The Ultimate Guide To Forex Trading

Beginners often have predetermined common expectations from forex trading, which makes it difficult for them to start. There are certain terms that one needs to know before working with forex trading bots, and we have written this blog to help beginners understand the basics of forex trading so they can also earn better returns.

What Is Forex Trading?

Forex trading is an exchange of foreign currencies with one another. It is a process of speculating on currency prices to gain profit. In this trading, the traders speculate the rise and fall of one currency against the other by exchanging them with each other. Forex trading seems like a hard mountain to climb, but forex trading bots have made it quite possible for beginners to make a profit these days. Forex robot trading makes automated trade possible for traders. This system is designed to make trading easier and more accurate for everyone. They are run by programmers with a set of regulations. Best forex trading is done with the help of historical data, as the bots are able to make smarter choices than humans.

Is It Safe To Rely On Forex Trading Bots?

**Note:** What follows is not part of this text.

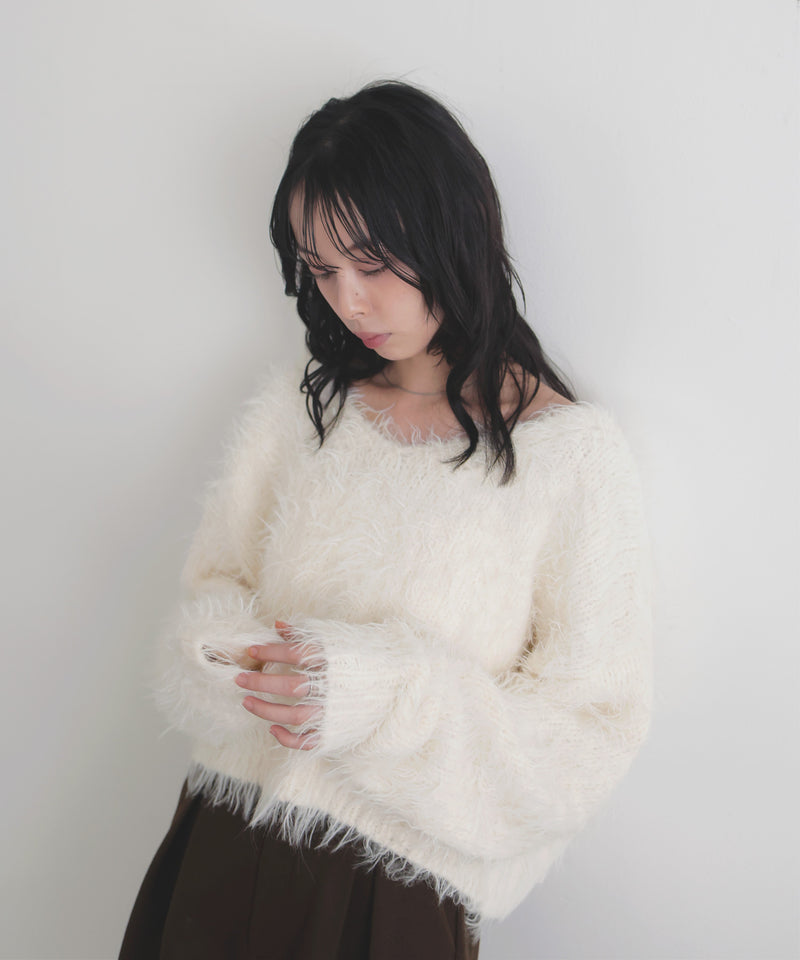 フェザーVネックニットプルオーバー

Forex trading bots are created to make trading convenient for traders, and relying on this system is totally safe. The chances of error are much lower in using a robot for trading forex. The decisions made by a forex trading robot are based on logic and strong reasoning. They are able to analyze the situations and grab opportunities in a few seconds, whereas human trading can take a much longer time. These trading bots are also highly protected, as it is one of the biggest concerns for traders while using technology. Professional programmers design these bots with high-level protection, which makes them a safe option for new traders.

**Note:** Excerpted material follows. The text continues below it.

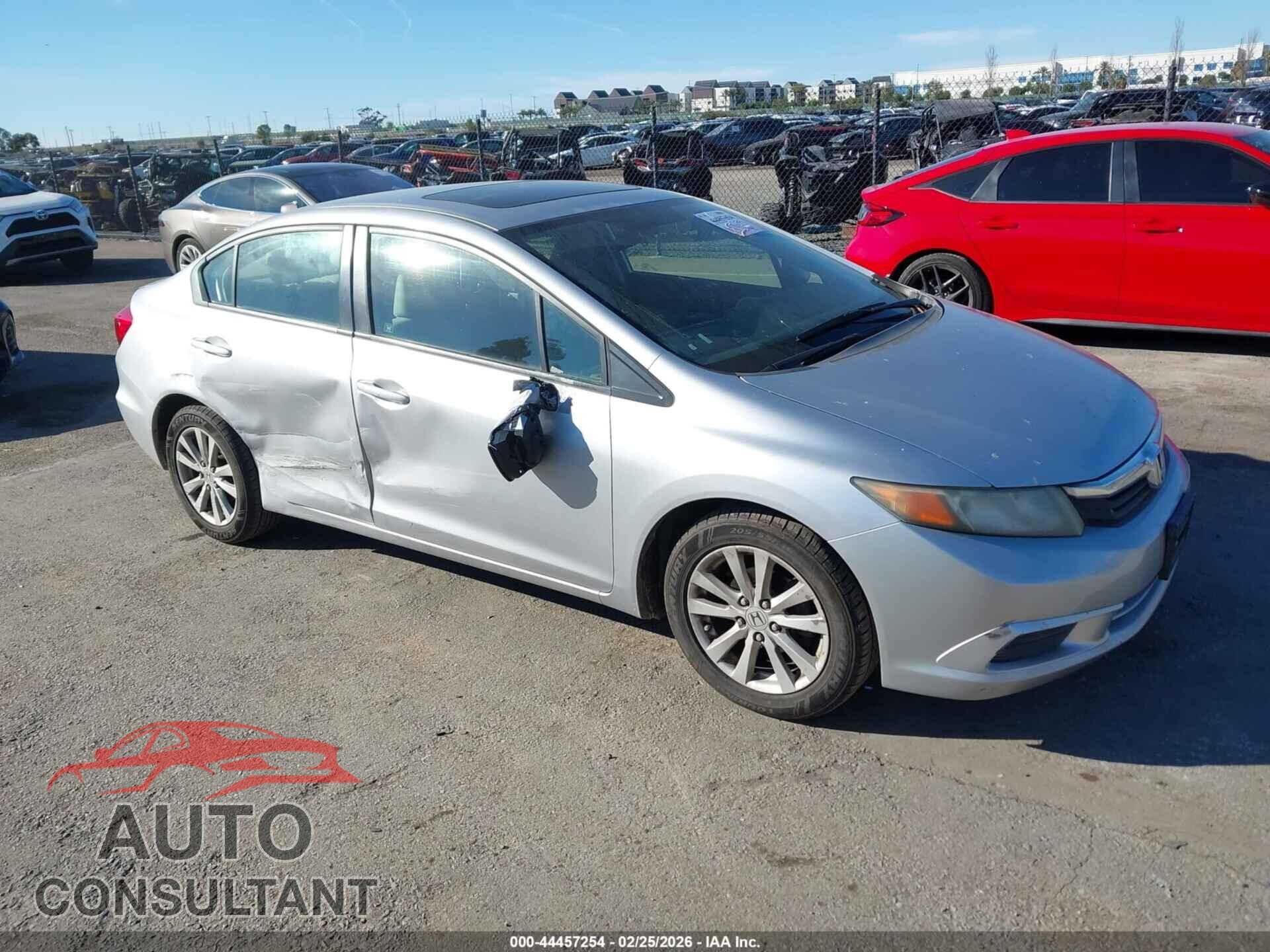 HONDA CIVIC 2012 - 19XFB2F84CE335903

How Is It Better Than Human Trading?

Both human and forex robot trading has their pros and cons, and there are reasons to consider forex robot trading better than human trading. One of the biggest issues with human trading is that it can get influenced by emotions. Humans are capable of feeling things, and they often make impulsive decisions that might not bring any profit. Computers are unable to do that. They only make rational and logical decisions as they are incapable of feeling. If one wants to ensure that no trading decision is made on impulse, forex trading bots are the right choice for them as they are more accurate and emotion-free than human trading.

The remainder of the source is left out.